Throughout my 11 year journey I have had treatment four times.
The first, surgery. It was a curative effort. Though successful, the MSKCC nomogram - https://www.mskcc.org/nomograms/prostate "said" I had a 30% chance of recurrence. Looking on the bright side, 70% chance of it not.
Next was SRT, we did the standard of care though I had advocated for more aggressive treatment, adding the PLNs and six months ADT.
When it failed, I was not surprised. It was a defining moment for me;
I realized I would never be cured
I would never again be the minority shareholder in making decision making.
I would be aggressive in my treatment decisions.
I would not regret my decisions but learn from them.
I changed my horizon for treatment outcomes from long term, say 10-15 years to 3-5 years, would this treatment work for that time, if so, new choices brought about by medical research would be in play.
I developed decision criteria to constitute what clinical data would trigger the next treatment decision. For example, three or more consecutive PSA increases spaced three months apart. This prevents reaction to singular data events.
This has reduced the stress between treatments, I don't have to worry every lab test, every consult...
I know going into each treatment decision that initially we have a defined period and clearly defined clinical response data for coming off treatment.
Eleven years in , three on treatment, eight off.
There is statistical data about the 5, 20 and 15 year survival rates which is "positive" news unless you are one of the ones who aren't, a friend of mine passed in less than a year from diagnosis.
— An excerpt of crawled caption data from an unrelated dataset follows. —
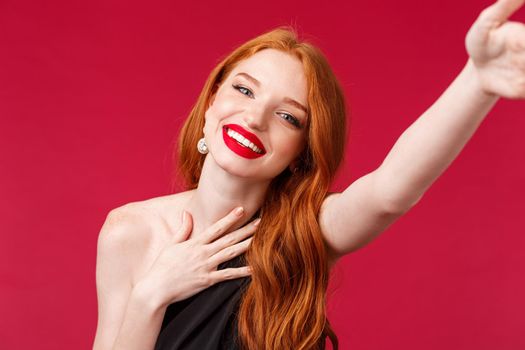 Close-up portrait of gorgeous smiling, happy redhead woman enjoying her birthday party, taking selfie for social media in stylish black dress and prom look with red lipstick, red background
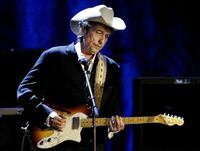 FILE PHOTO: Rock musician Bob Dylan performs at the Wiltern Theatre in Los Angeles in this May 5, 2004 file photo. REUTERS/Rob Galbraith/Files/File Photo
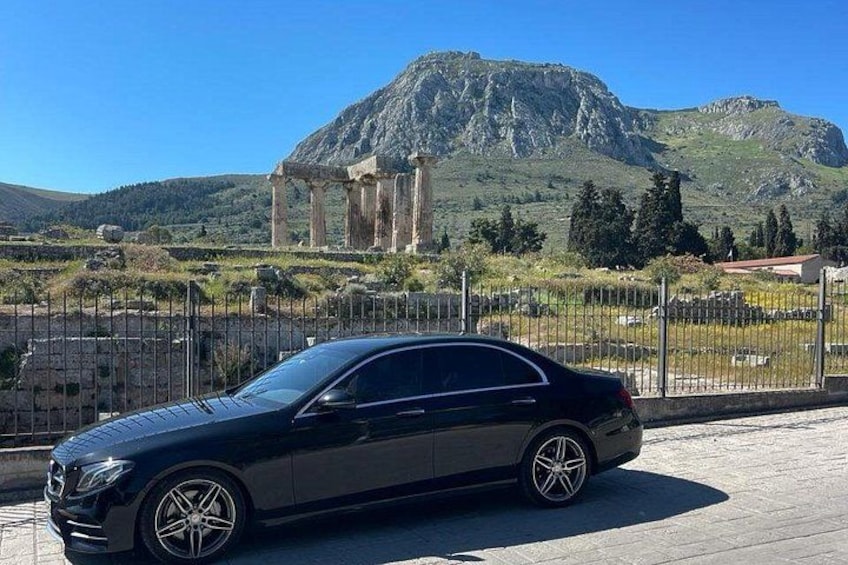 Un coche negro estacionado frente a ruinas antiguas con una montaña al fondo. 1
While the data on survival may be "positive," the data on the side effects of treatment, well, we don't discuss that do we!?
It's ok to have a degree of anxiety, my labs are Wednesday. Do I have some anxiousness about the results, yes. That is mitigated by having criteria in place about clinical data sufficient to make a treatment decision, yes.
Last thoughts, statistics are population based and historical. This is a heterogeneous disease, not homogeneous so these statistics may not apply to you!
Kevin
I had my Gleason 8 prostate out 2 years ago as of Jan. 31st (was downgraded to 7 after pathology). Non nerve sparing and lymph nodes clear. PSMA also showed no spread.
2 1/2 months later, I had my right lower lung lobe removed. Clear lymph nodes.
Every 6 months, PSA test and chest CT scan. Let's talk about anxiety!
Kevin how did your labs come out ?
Great, PSA .03 which is no change from the October and early December ones.
I meet with my oncologist on Monday, we'll probably talk about our vacations, wife and I are going to Sedona 5-12 April then Lake Tahoe 17-24 May with our daughters and one of their boyfriends.
He'll probably ask me if I want to push out the labs and consults to four months vice three.
I may, or jus stay the course.
Kevin what treatment did you do after radiation & hormone therapy ?
I've had four go rounds on treatment:
TRUS Biopsy 23 January 2014
Da Vinci Robotic Surgery 10 March 2014
Salvage Radiation Therapy - March-May 2016 39 IMRT 70.2Gya
Triplet Therapy:
Taxotere - Jan-May 2017 6 cycles
Lupron Jan 17-May 18 6x90 day injections
PLN IMRT Jul-Aug 17 25 IMRT 45 Gya
Doublet Therapy:
'SBRT Apr23 5X 8 Gya = 40 Gya
Orgovyx April 2023-April 2024
I came off treatment in April 2024.
Labs since have been "clean."
Kevin
Hang in there . Keep busy ! You can beet this . Anxiety is normal to a degree . Do you have friends or a prostate group you can talk with . Talking about how you feel is VERY important ! GP receptive to counsel sessions or ? God Bless Sir. . James on Vancouver Island , Canada !
Kevin how did you deal with the anxiety over the 11 years going through all of those treatments, or did you have any anxiety? What about any side effects from the treatments? Are you a go with the flow person ? I am trying to be positive with all of this & looking at it as curative. I have had the one treatment so far & pray to God thats all I need. I know you have had 4 treatments, so I just wonder how you handled them mentally.
You are probably tougher than me. Lol
Vancouver island Hiker, thanks for your reply. No support groups around here. So this forum is a good support for me right now.
Do you deal with anxiety over this journey & if so how did you deal with it. Thanks for your input.
Dealing with the side effects I think was just a function of understanding that there were things I could control, diet, exercise, managing stress which would mitigate but not eliminate the side effects.
There were the humorous yet effective ways, when my daughter was hone fur Christmas while I was on ADT she came home and asked why I had it set to air conditioning! I was driving with a friend to a game one November, it was cold outside, near zero, he reached to turn the heat on and I said touch that and I'll have to kill you...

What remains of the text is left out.